Aiutato in questa mirabile impresa dalla penna di Ennio Flaiano e Tonino Guerra, che hanno scritto con lui la sceneggiatura, Antonioni ha scelto un trio di attori straordinari per esprimere al meglio il buio di questa notte. Mastroianni, lontano dai gigioneggiamenti delle prove felliniane, è febbrile, sperduto e fragilissimo.

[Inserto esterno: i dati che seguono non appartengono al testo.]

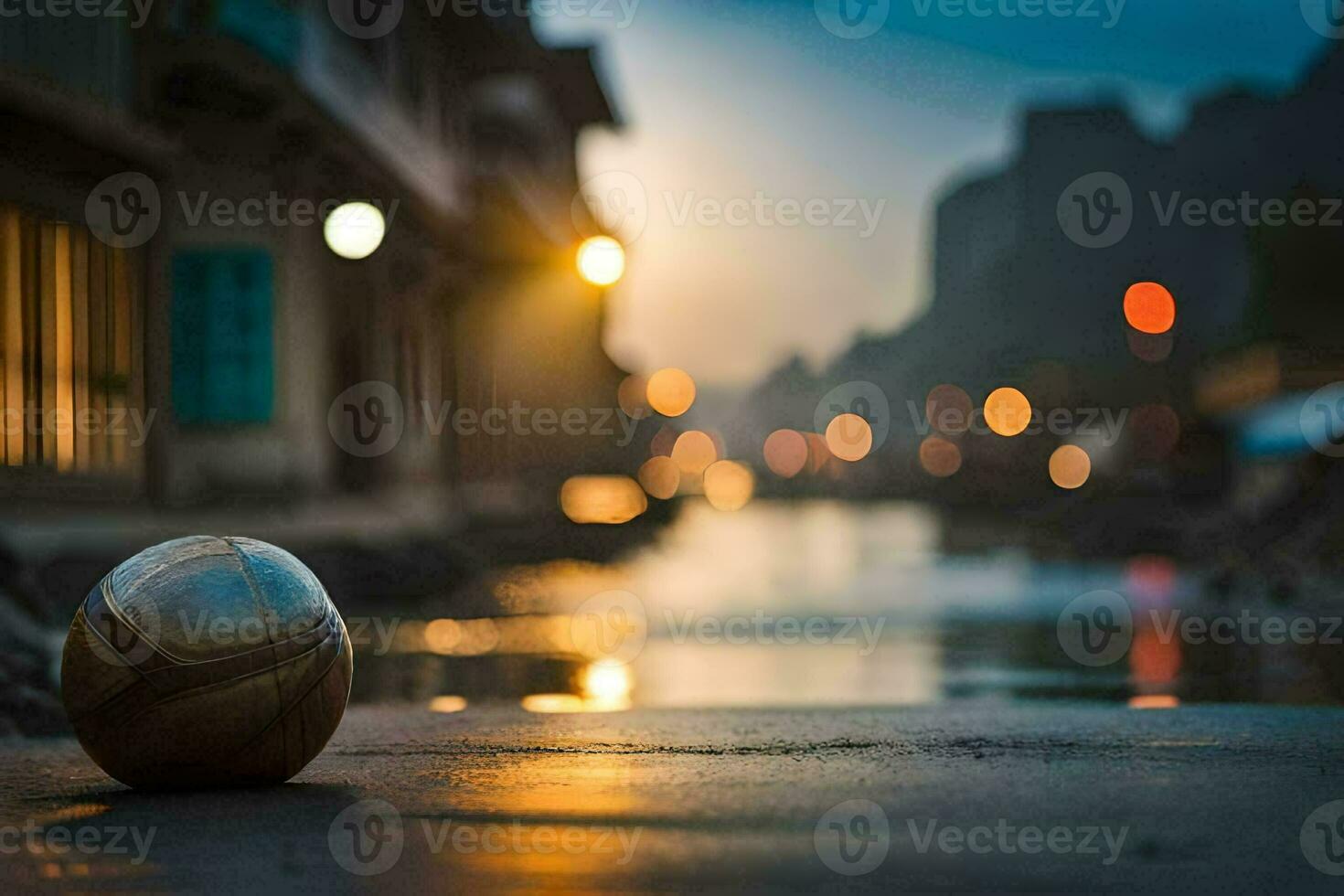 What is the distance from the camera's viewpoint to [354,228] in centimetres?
1725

Jeanne Moreau, con la sua aria triste e corrucciata, è il ritratto di un disagio profondo ed immobile, mentre Monica Vitti, in quel suo modo leggero e falsamente spensierato, fa intravedere abissi di vuoto esistenziale. Ma uno dei motivi per cui amo da morire questo film, è per come Antonioni ha filmato Milano. Mi pare che lui ne abbia catturato la vera essenza, fatta di cose davvero impalpabili eppure riconoscibilissime. Il mondo di ciascuno è gli occhi che ha, ha scritto una volta José Saramago. Ma il mondo di ciascuno è anche i film che ha visto, e a me sembra di avere sempre osservato Milano con gli occhi di Antonioni.

In uno degli episodi di Die Zweite Heimat di Edgar Reitz, alcuni dei protagonisti vanno al cinema a vedere La Notte e al rientro uno di loro annuncia agli amici, estasiato: "Questo film è straordinario. Lo vedi, e poi hai voglia di spararti un colpo."  
Devo essere l'unica al mondo a cui La Notte fa tornare la voglia di vivere.